Masking: None (Open Label)
Primary Purpose: Treatment
Official Title: A Phase I/II, Open-Label, Multiple Centre Clinical Study to Evaluate the Safety, Tolerability, Pharmacokinetics, Immunogenicity and Preliminary Efficacy of LM- 302 in Combination With Toripalimab in Patients With Advanced Solid Tumors
Actual Study Start Date : May 10, 2022
Estimated Primary Completion Date : October 1, 2023
Estimated Study Completion Date : March 1, 2024

Arm Intervention/treatment
Experimental: LM-302 monotherapy dose escalation
LM-302 monotherapy dose escalation (part Ia). Accelerated titration combined with traditional 3+3 design will be used for monotherapy dose escalation (part Ia).
Drug: LM-302
LM-302 is given by intravenous (IV) infusion on day 1 every 3 weeks。

Experimental: LM-302 in combination therapy dose escalation
LM-302 in combination therapy dose escalation (part Ib).Accelerated titration combined with traditional 3+3 design will be used for LM-302 in combination with fixed dose Toripalimab dose escalation (part Ib).
Drug: LM-302
LM-302 is given by intravenous (IV) infusion on day 1 every 3 weeks。

Drug: Toripalimab
Toripalimab with a fixed dose is given by intravenous (IV) infusion on day 1 every 3 weeks.
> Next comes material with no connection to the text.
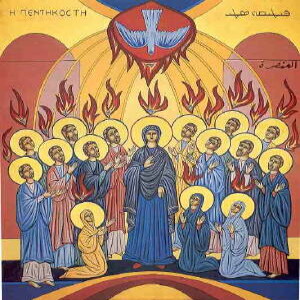 Day of Pentecost (6/8/2025)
Experimental: LM-302 Dose Expansion
SMC will select appropriate dose(s) and/or tumor types for dose expansion study.
Drug: LM-302
LM-302 is given by intravenous (IV) infusion on day 1 every 3 weeks。

Drug: Toripalimab
Toripalimab with a fixed dose is given by intravenous (IV) infusion on day 1 every 3 weeks.




Primary Outcome Measures :
  1. DLT [ Time Frame: Cycle 1 of each cohort. Duration of one cycle is 21 days ]
    To assess the safety and tolerability for LM-302 in combination with toripalimab in subjects with advanced solid tumors.

  2. RP2D [ Time Frame: Up to 6 months ]
    Obtain the recommended phase 2 dose (RP2D) for LM-302 in combination with toripalimab in subjects with advanced solid tumors.

  3. OBD [ Time Frame: Up to 6 months ]
    Obtain the optimal biologic dose (OBD) for LM-302 in combination with toripalimab in subjects with advanced solid tumors.

  4. MTD [ Time Frame: Up to 21 days ]
    Obtain the Maximum Tolerated Dose (MTD) for LM-302 in combination with toripalimab in subjects with advanced solid tumors.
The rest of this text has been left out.